_Exercise instructions_: Every line from the one with "Street style at New York Fashion Week 2011" to the end of the listing, and nothing else, is to be printed exactly; please leave the pictures out.

_Input data_:
· · · · ·

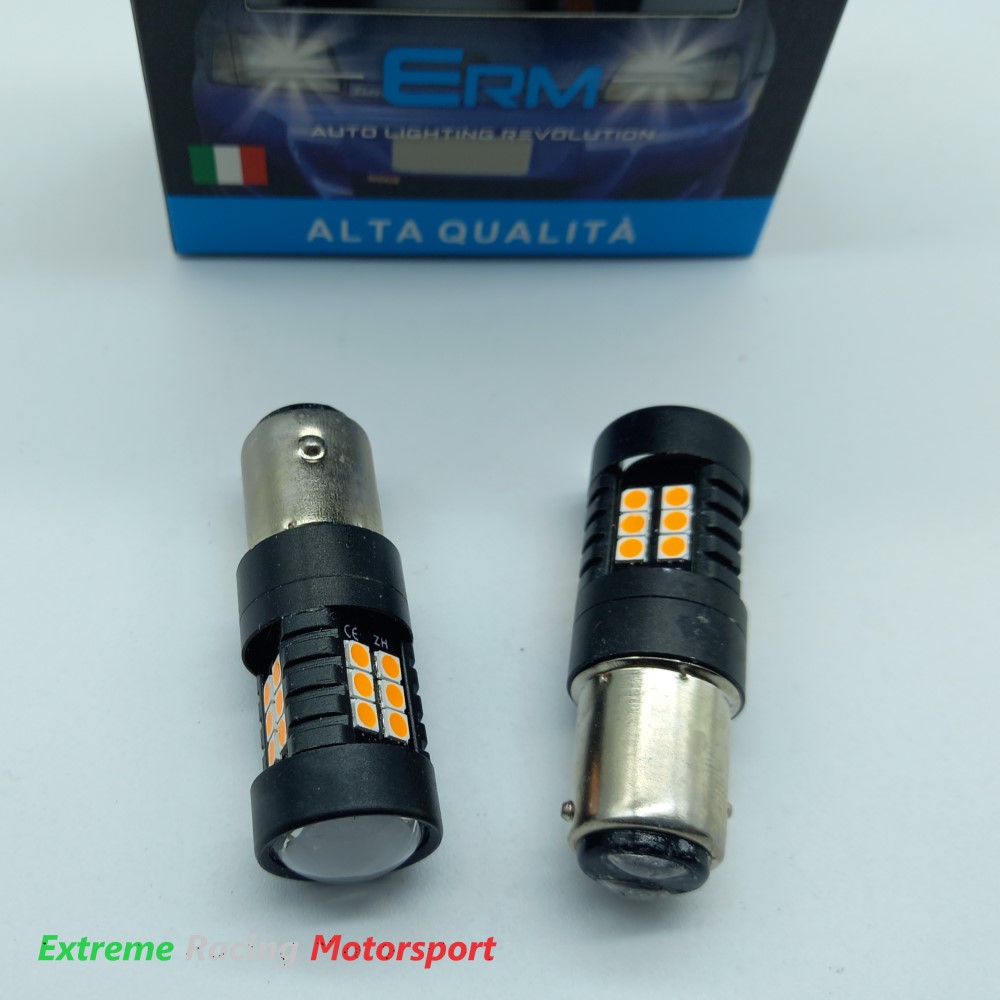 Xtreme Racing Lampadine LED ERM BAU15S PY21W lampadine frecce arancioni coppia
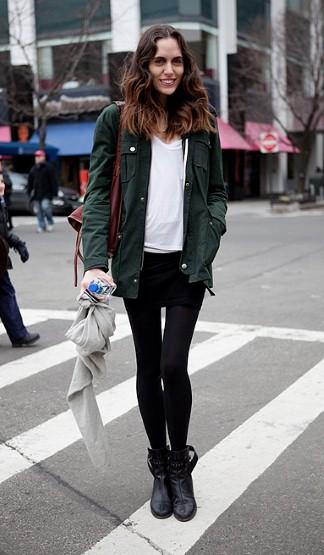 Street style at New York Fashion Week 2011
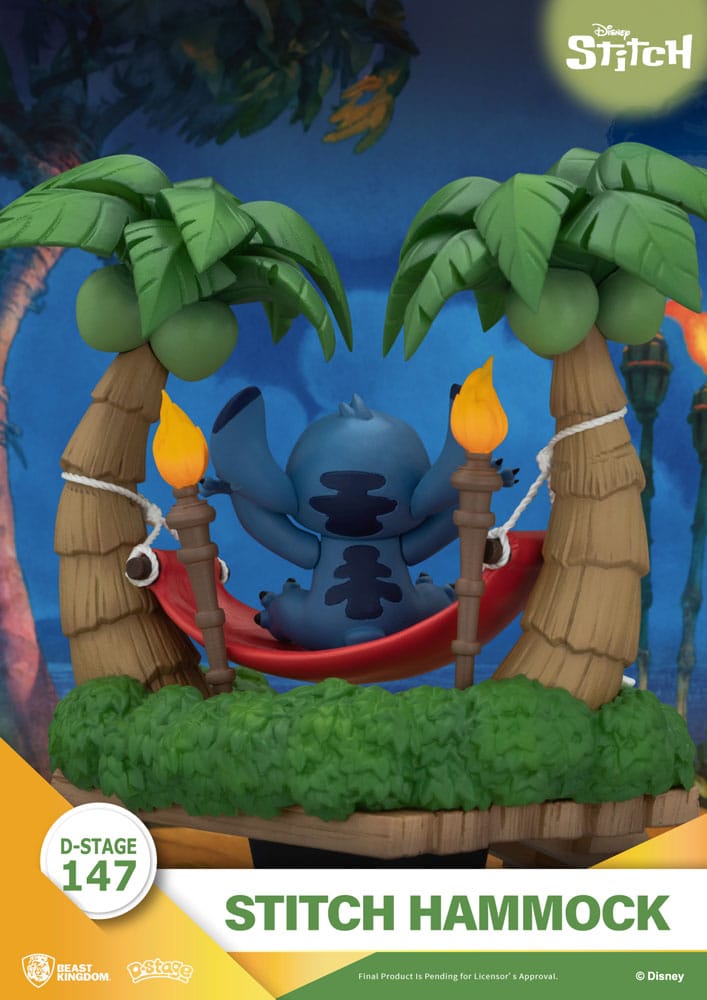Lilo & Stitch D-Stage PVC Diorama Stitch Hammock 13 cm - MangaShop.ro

· · · · ·

_Written answer_:
 Street style at New York Fashion Week 2011
Lilo & Stitch D-Stage PVC Diorama Stitch Hammock 13 cm - MangaShop.ro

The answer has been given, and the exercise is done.